MATERIAL FOR THE TASK section start
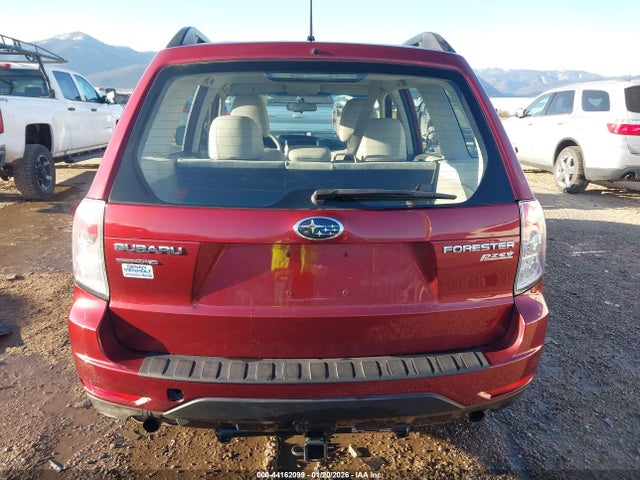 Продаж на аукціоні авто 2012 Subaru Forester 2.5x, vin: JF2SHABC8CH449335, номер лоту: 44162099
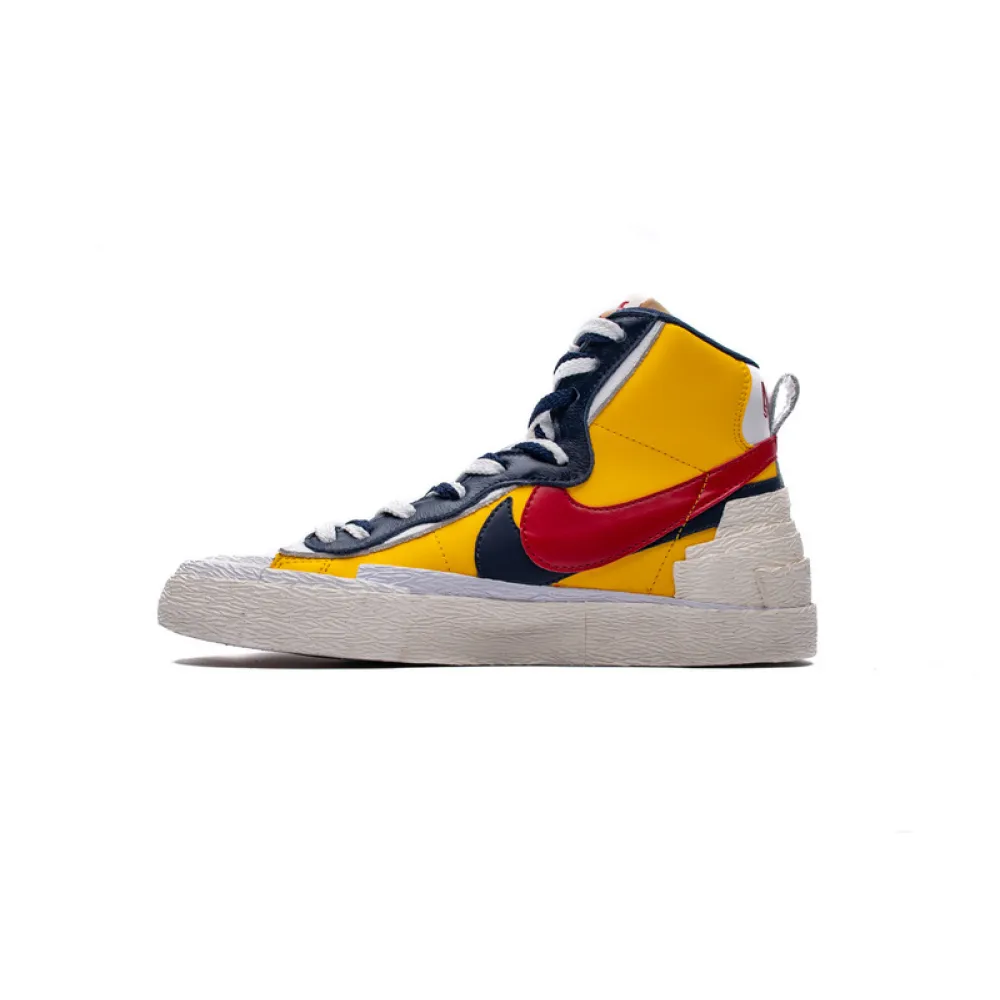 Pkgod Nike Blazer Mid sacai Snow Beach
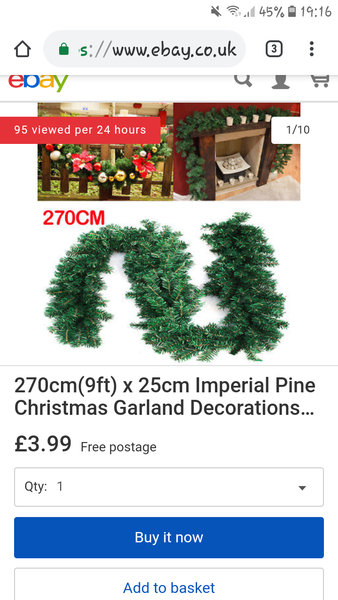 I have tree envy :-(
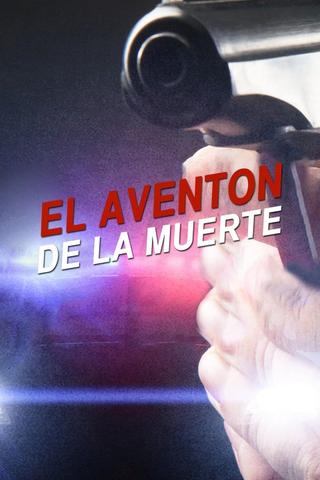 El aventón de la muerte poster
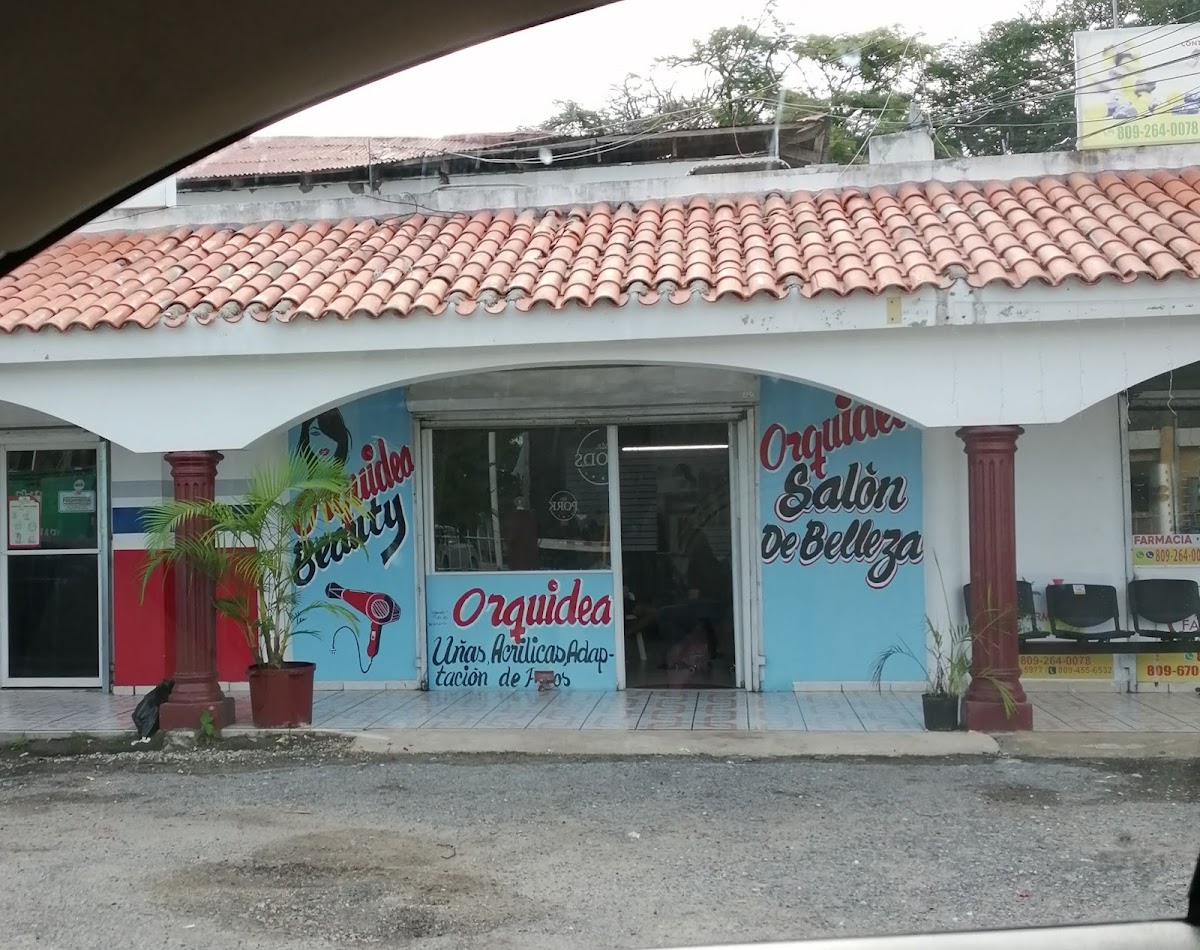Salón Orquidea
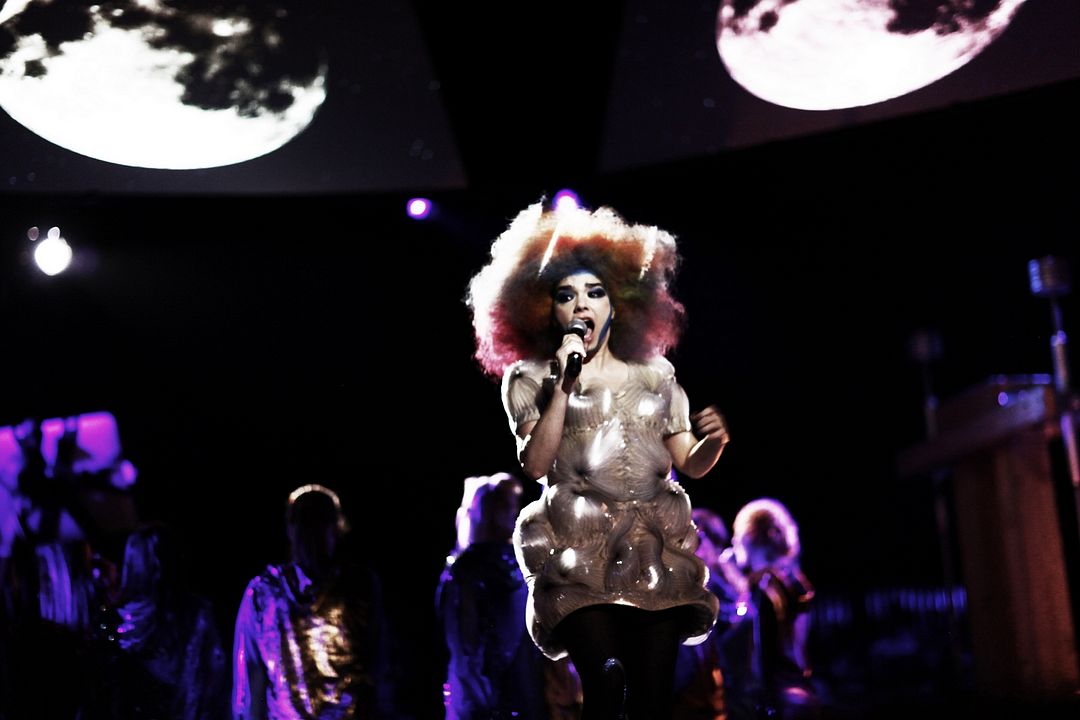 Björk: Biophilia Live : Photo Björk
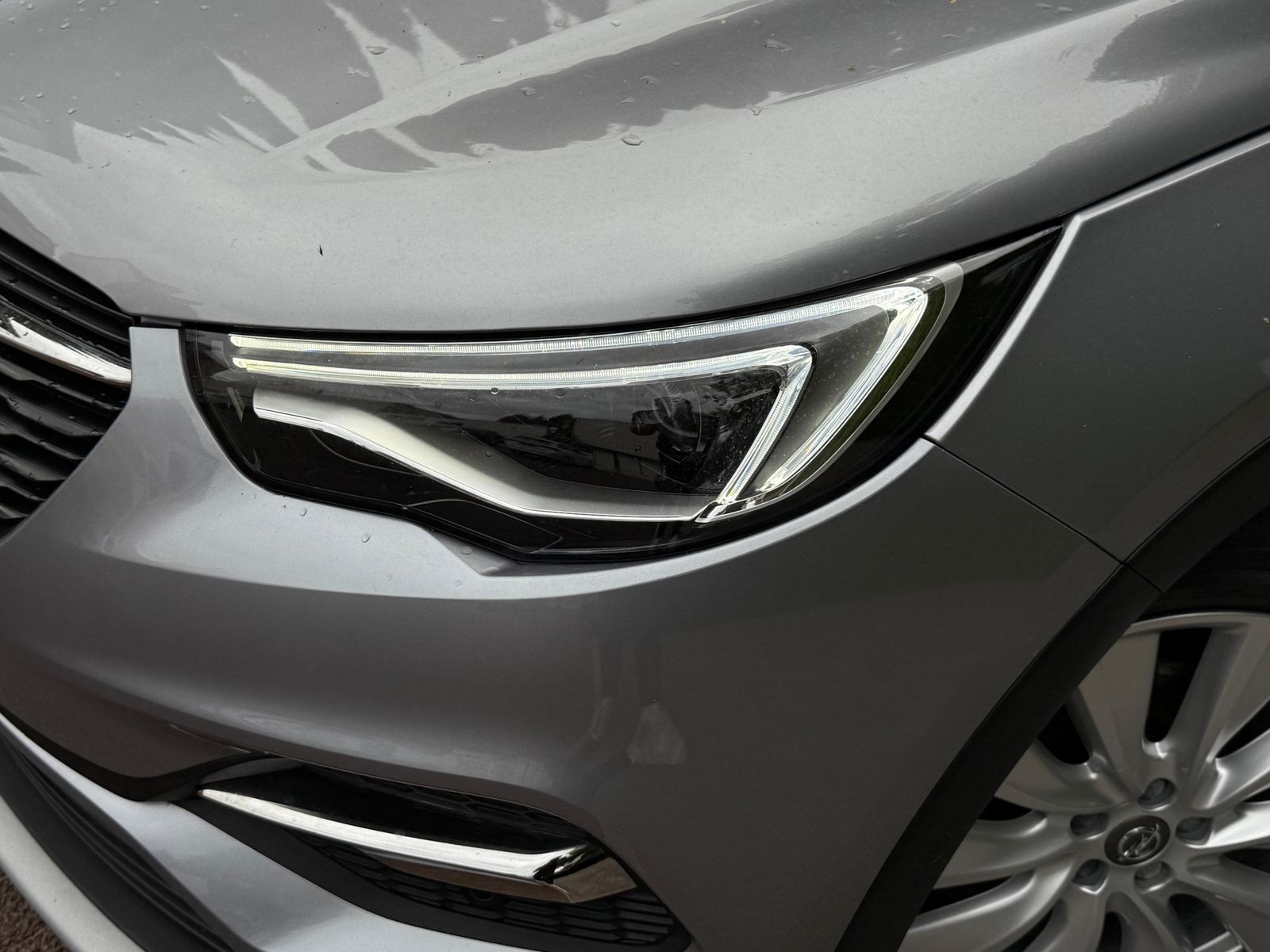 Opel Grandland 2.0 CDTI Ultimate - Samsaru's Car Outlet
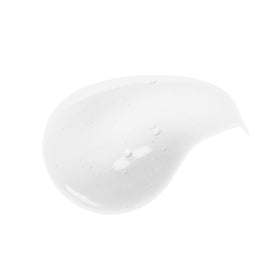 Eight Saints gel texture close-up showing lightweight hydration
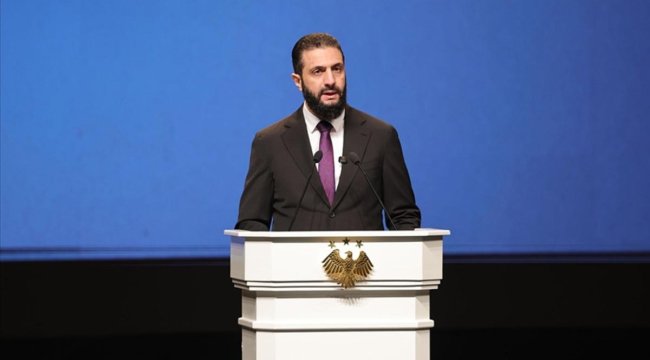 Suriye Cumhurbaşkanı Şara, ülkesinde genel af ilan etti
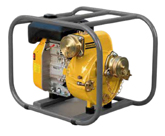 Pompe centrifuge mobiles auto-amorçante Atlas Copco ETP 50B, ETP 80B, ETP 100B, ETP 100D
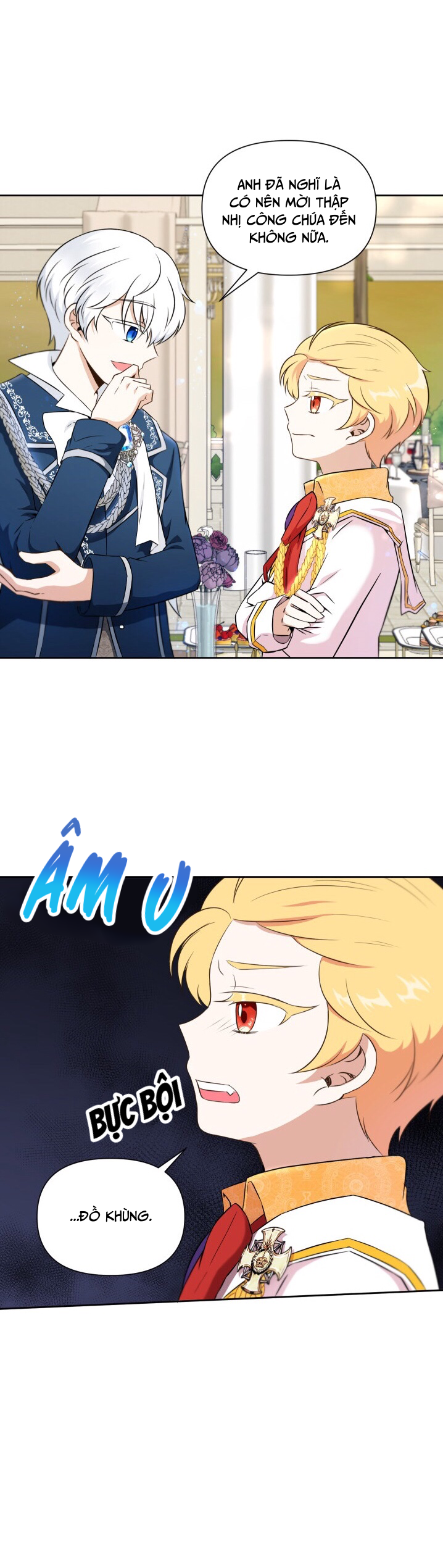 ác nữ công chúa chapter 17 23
MATERIAL FOR THE TASK section end
- **TASK PROMPT**: Copy exactly, and only, the lines from the line containing "Eight Saints gel" through the final line of the material above, with no pictures.

- **ANSWER TO THIS EXERCISE**:
 Eight Saints gel texture close-up showing lightweight hydration
 Suriye Cumhurbaşkanı Şara, ülkesinde genel af ilan etti
 Pompe centrifuge mobiles auto-amorçante Atlas Copco ETP 50B, ETP 80B, ETP 100B, ETP 100D
 ác nữ công chúa chapter 17 23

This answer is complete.